There have been five long cycles since the 16th century (see Table 1), with Britain having completed two of them as hegemon. This led Joachim Rennstich (2001) to argue that the United States might be able to serve as hegemon in another power cycle (but see Chase-Dunn et al 2011).

 

Table 1: Long cycles in the modern system

The long cycle perspective claims to be based on structural functionalist theoretical assumptions about social learning and progress.  Indeed, despite all the attention to the importance of economic power, the word “capitalism” is never mentioned by Modelski and Thompson.[4] Others have pointed out that assertions about progress are troublesome and unnecessary aspects of some theories of sociocultural evolution (Sanderson 1990). Patterns and their causes may be described and explained without the baggage that is involved in normative statements about whether what has happened is good or evil. The explanations in the long cycle theory can be evaluated separately from its functionalist claims about learning and progress.
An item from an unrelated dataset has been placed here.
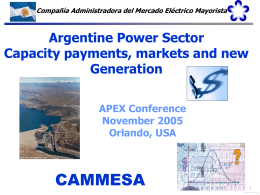 Capacity payments and new generation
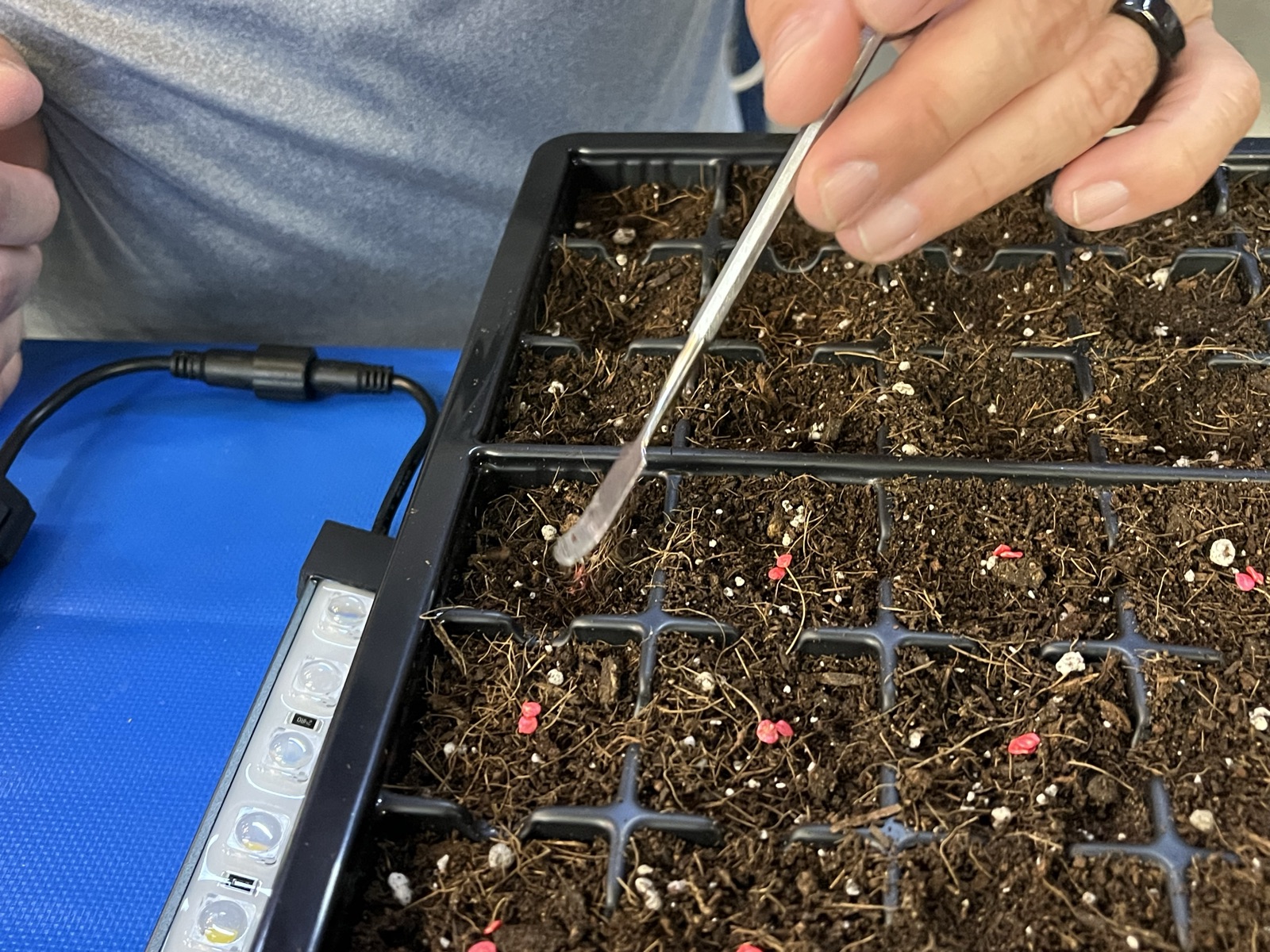 AgTech Lab / AgroBrain photo 276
We should also note that George Modelski (2003) produced a monumental contribution to our knowledge of the population sizes of large cities since the Bronze Age by updating extending the important compendium produced by Tertius Chandler. Modelski saw the emergence of large cities as a central component of sociocultural evolution, a perspective shared by some world-systems scholars (e.g. Inoue et al. 2015) and some historians (Braudel 1984, Morris 2010, 2013).

World-System Theory

The world-system approach is less functionalist and more critical of power. Perhaps this is due in part to its origins during the world revolution of 1968 and the anti-Vietnam war movement, but it may also stem from greater attention to those who live at the bottom of the system (the non-core).  And rather than talking only of economic development and economic comparative advantage, the world-systemists describe and analyze the rise to predominance of capitalism. They employ ideas from both Karl Marx and Max Weber to produce a critical prehension of world historical social change. The world-systems theorists have mainly been sociologists while the long cycle theorists are political scientists. In the 1960s sociologists were busy overthrowing their intellectual parents, especially Talcott Parsons, while political scientists had different ancestors and were more easily able to see the good things in Parsons’s evolutionary synthesis. The main constructor of the world-systems approach in the 1970s were Immanuel Wallerstein, Terence Hopkins, Samir Amin, Andre Gunder Frank and Giovanni Arrighi. While there are interesting and important differences among them, we will focus here primarily on Wallerstein, Hopkins and Arrighi because their approaches are the most germane for the comparison with the long cycle theory.

            Terence Hopkins and Immanuel Wallerstein (1979) described the cyclical rhythms and secular trends of the capitalist world-economy as a stable systemic logic that expands and deepens from its start to its end, but that does not much change its basic nature over time. Giovanni Arrighi (1994) saw overlapping systemic cycles of accumulation in which rising and falling hegemons expand and deepen the commodification of the whole system. His modern world-system oscillates alternates back and forth between more corporatist and more market-organized forms of political structure while the extent of commodification deepens in each round (Arrighi 2006). He builds on Wallerstein’s focus on hegemony as based on comparative advantages in profitable types of production (Wallerstein 1984, 2004). And he utilizes Wallerstein’s idea that each hegemon goes through stages in which the comparative advantage is first based on the production of consumer goods, and then capital goods and then finance capital (see also Arrighi and Silver 1999; Arrighi 2008).  Arrighi was also inspired by the work of Fernand Braudel to focus special attention on the changes in the relationships between finance capital and state power that occurred as the modern world-system evolved.  For both Wallerstein and Arrighi the hegemon is the top end of a global hierarchy that constitutes the modern core/periphery division of labor. Hegemonies are unstable and tend to devolve into hegemonic rivalry as comparative advantages diffuse and the hegemon cannot stay ahead of the curve. Arrighi’s formulation allows for greater evolutionary changes as the modern system expanded and deepened while the Wallerstein/Hopkins formulation depicts a single continuous underlying logic that does not change much except at the beginning and the end of the historical system.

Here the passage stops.